A côté de ces champignons, vénéneux et de ces fleurs du mal, les fleurs naïves et charmantes de la vie, les jeunes corps aux croupes onduleuses, aux tailles sveltes, aux allures finement élégantes, et dont le bistre des joues, enfariné de poudre, avive l’éclat fulgurant où doucement velouté du regard.
Tout cela, pour Zuloaga, c’est l’Espagne telle qu’il a rêvé de la traduire en concentrant la diversité des décors en un seul, en ramassant en un certain nombre de types, les traits de race épars dans des milliers et des milliers d’êtres — et c’est par là, comme par la sobriété de sa palette, qu’il s’apparente directement à Greco. L’éloignement où il vit de son pays lui a donné le recul nécessaire pour mieux le voir, le comprendre et le juger.
L’œuvre déjà produite n’est pour lui encore qu’un début. Le grand cycle dans lequel il se propose d’enfermer le sens profond de l’Espagne ne fait que commencer. On en verra les premières manifestations définitives dans trois toiles qui figurent à la Société nationale, dont le Salon va s’ouvrir, sous peu de jours. J'en parlerai avec détails, l'heure venue. Il me suffira, pour l’instant, de laisser l’artiste s’exprimer, dans une lettre écrite à un ami espagnol, et que nous traduisons d’après un journal basque, avec une sincérité absolue sur lui-même.
"Mes compatriotes m’attaquent fréquemment : le plus grand nombre parce qu’ils prétendent que mes tableaux rendent l’Espagne ridicule ; d’autres parce que je ne copie pas la nature fidèlement, c’est-à-dire telle qu’elle est ; d’autres encore parce qu’à les entendre je ne sais ni voir ni comprendre l’Espagne, tandis que ce sont eux, en réalité, qui ne savent ni la comprendre ni la voir ; d’autres enfin parce qu’à leur sentiment je la vois avec des yeux d’étranger.
Tous ces reproches, exprimés d’une manière souvent insultante, n’existent pas pour moi. Je suis, sans m’en inquiéter aucunement, la route que je me suis tracée dès le début, la direction que mon tempérament m’a imprimée, et rien ne m’empêchera de m’exprimer et de formuler mon rêve, pour peu que Dieu me prêle vie.
Non, mille fois non, je ne veux pas copier la nature telle qu’elle est.
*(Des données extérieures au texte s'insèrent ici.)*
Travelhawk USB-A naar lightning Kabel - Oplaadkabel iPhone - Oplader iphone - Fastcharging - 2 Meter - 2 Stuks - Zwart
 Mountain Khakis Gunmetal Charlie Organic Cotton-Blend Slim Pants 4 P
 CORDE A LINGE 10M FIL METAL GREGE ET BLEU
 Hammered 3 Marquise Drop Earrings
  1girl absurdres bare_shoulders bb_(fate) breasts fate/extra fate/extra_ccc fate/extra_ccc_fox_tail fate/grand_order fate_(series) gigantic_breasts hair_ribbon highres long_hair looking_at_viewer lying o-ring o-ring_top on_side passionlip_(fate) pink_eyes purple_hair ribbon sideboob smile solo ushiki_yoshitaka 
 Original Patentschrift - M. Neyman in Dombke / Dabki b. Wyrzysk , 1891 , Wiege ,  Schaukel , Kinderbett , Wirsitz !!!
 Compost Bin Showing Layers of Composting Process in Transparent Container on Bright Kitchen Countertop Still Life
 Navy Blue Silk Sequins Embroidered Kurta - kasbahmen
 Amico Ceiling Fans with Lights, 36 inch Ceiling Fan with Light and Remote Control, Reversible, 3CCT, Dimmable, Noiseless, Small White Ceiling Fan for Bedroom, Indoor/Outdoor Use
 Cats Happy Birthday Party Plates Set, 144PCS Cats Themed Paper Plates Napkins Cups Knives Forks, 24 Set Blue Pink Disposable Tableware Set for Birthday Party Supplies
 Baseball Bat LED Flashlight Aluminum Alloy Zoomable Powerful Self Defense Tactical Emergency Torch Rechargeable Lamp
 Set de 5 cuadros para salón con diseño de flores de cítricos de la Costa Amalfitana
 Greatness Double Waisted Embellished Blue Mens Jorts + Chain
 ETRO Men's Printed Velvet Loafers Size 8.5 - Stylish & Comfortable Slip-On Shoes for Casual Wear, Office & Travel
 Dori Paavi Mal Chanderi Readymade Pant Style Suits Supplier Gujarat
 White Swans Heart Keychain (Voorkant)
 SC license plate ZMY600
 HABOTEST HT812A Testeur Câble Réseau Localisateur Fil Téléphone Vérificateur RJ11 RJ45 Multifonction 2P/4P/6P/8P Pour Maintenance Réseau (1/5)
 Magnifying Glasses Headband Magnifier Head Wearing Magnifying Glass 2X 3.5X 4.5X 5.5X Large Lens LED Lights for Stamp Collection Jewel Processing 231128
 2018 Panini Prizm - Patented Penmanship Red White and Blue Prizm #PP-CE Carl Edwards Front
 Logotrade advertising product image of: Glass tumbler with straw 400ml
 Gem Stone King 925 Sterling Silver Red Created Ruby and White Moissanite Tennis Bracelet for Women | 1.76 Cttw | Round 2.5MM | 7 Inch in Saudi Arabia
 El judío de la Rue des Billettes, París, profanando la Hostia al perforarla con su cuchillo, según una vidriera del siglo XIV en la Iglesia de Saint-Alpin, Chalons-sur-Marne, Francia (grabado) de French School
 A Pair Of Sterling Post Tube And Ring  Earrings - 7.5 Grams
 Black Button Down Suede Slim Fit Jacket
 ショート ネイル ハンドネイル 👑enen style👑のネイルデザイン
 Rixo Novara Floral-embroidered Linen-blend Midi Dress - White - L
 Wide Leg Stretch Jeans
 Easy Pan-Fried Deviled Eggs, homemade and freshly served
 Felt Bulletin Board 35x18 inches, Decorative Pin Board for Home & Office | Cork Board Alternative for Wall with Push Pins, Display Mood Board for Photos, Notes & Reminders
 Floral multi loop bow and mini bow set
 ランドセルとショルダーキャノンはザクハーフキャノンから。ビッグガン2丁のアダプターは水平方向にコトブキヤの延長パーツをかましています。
Pour ceux qui n’en demandent pas plus à l’artiste, il y a quantité d’inventions, d’appareils photographiques ou autres, qui leur donneront avant peu de la couleur et de la forme des traductions aussi littérales que possible. Mais ces traductions n’ont rien à voir avec l’art. Aussi mon effort s’applique-t-il, non à copier, mais à interpréter. Quand je fais un tableau, je m’inquiète peu d’y donner la sensation de l’air. Si je veux respirer, j’ouvre ma fenêtre ou je vais à la campagne. Ce que je cherche à exprimer dans mes toiles, ce n’est ni l’atmosphère ni les distances, ni le soleil ni la lune. Ce que je tiens, par contre, à pénétrer, ce que je veux mettre en relief, c’est le caractère des choses et la psychologie d’une race. J’y veux enfermer de l’émotion, formuler une vision légèrement romantique. J’y cherche la ligne, l’arabesque, l’harmonie, la vision personnelle, la simplification ; je veux qu’on y trouve de l’audace, de la force, des idées franches et nettes, qu’un cri profond et fort s’en dégage, que l’âme castillane y soit synthétisée, et cette synthèse, j’entends l’obtenir par des quantités de sacrifices, destinés à faire valoir l’essentiel.
Cette colossale Castille qui m’obsède, je voudrais la fixer sur une toile de refajo (la plus grossière de toutes), avec des pinceaux de fer forgé, sans autres couleurs que de l’ocre jaune et du noir.
Pour tout dire en un mot, je veux peindre avec mon cerveau et mon cœur plus encore qu’avec mes yeux."